__What to produce__
Omit every picture, then return each line of the data below exactly.

__Information shown__

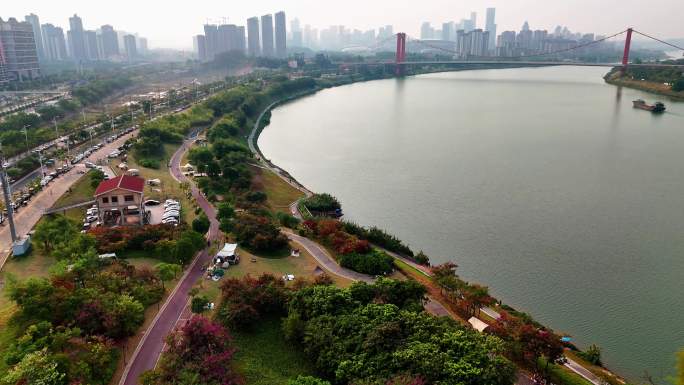 广西南宁良庆区城市风光建筑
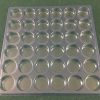 Round Cavity Clear Plastic Trays - 1.63 Diameter X 1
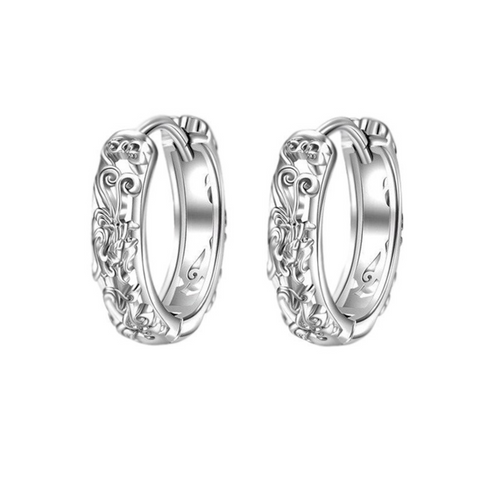 Sterling Silver National Earring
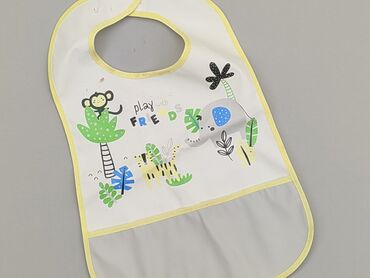 kurtka ze ściągaczem na rękawach: Baby bib, color - White, condition - Very good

__Response area__
 广西南宁良庆区城市风光建筑
 Round Cavity Clear Plastic Trays - 1.63 Diameter X 1
 Sterling Silver National Earring
 kurtka ze ściągaczem na rękawach: Baby bib, color - White, condition - Very good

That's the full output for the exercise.